Texas Attorney General Ken Paxton said Wednesday he wants a federal court to rule the Obama-era DACA program illegal before the end of July, hoping to nail the door shut on the controversial program before any other judges can meddle with it.
The aggressive move could upend the entire landscape of the 2012 Deferred Action for Childhood Arrivals program that protects some 700,000 Dreamers from deportation.
Mr. Paxton appears to be trying to head off a judge in D.C. who signaled last month that he’s prepared to force the Trump administration to revive the program in its entirety, which would force the president to process both renewal applications for the people already protected, and to accept brand-new applications from as many as 1 million people who might qualify but have yet to sign up.
“Unelected federal judges are forcing the Trump administration to leave an unlawful program like DACA in place indefinitely,” Mr. Paxton said. “Activist judges should not stand in the way of the president fulfilling his constitutional duty.”

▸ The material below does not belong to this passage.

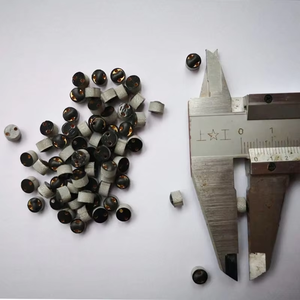 Étiquettes de suivi des actifs RFID Étiquettes OEM/ODM étanches pour la gestion des entrepôts - Product Image 2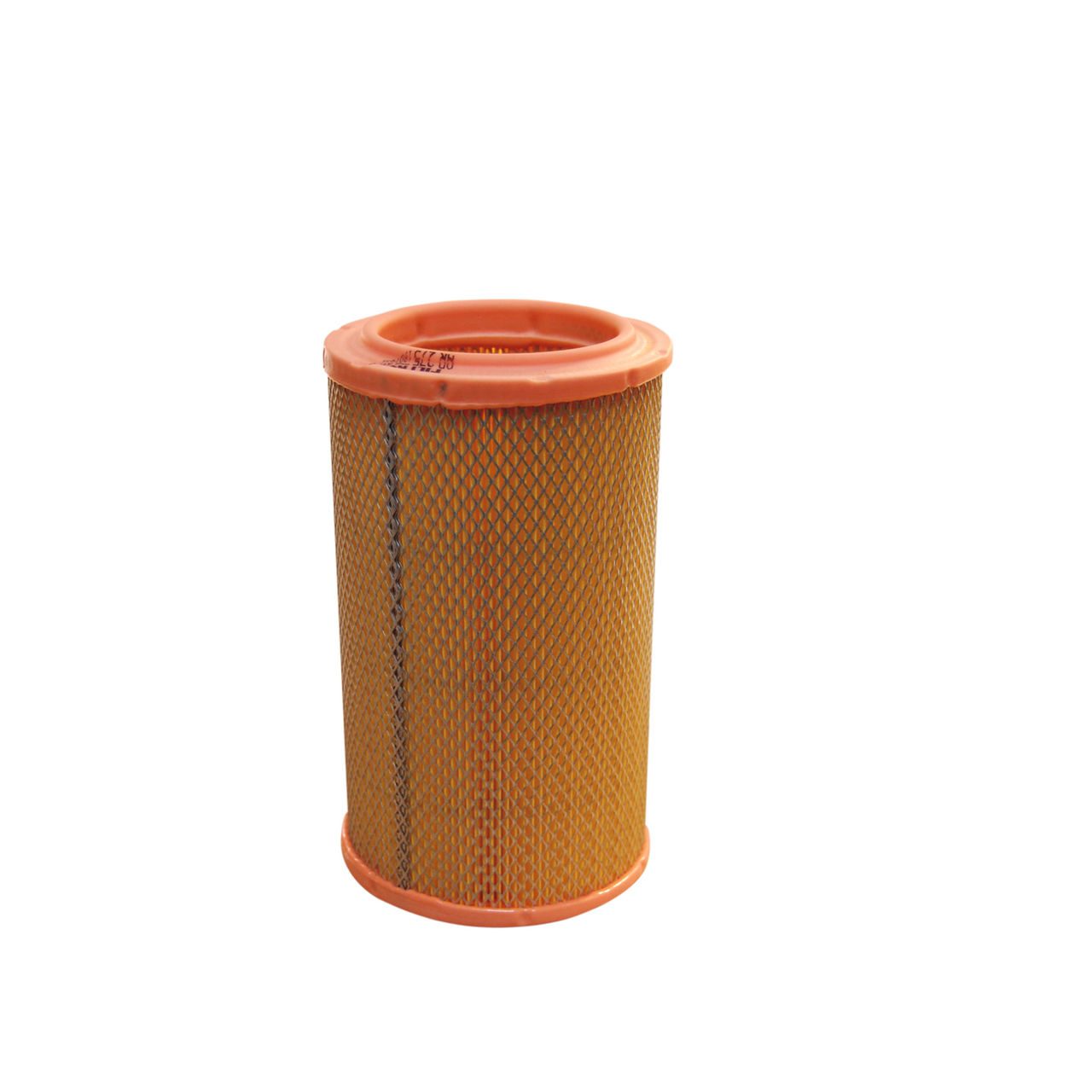 Product Image AR275_FILTRON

The Republican attorney general appears to be racing a June deadline for challenging the DACA program under the Administrative Procedures Act, which allows executive branch decisions to be challenged for up to six years after they are announced. DACA was launched June 15, 2012.
He’s leading a seven-state coalition that filed a lawsuit Tuesday, and followed it up Wednesday with the demand for speedy action.
His moves have drawn the ire of immigrant rights activists and congressional Democrats.
Senate Minority Whip Richard J. Durbin, Illinois Democrat, suggested Mr. Paxton had colluded with the Trump administration on the lawsuit.
Activists said Mr. Paxton and his fellow attorneys general from the other six plaintiff states are being cruel toward immigrants who are in the U.S. illegally.
“They are messing with young people who have grown up here and are Americans in every way but a piece of paper,” said Frank Sharry, executive director of America’s Voice.
Several groups said the legal quagmire should pressure Congress to step up and pass a bill protecting Dreamers.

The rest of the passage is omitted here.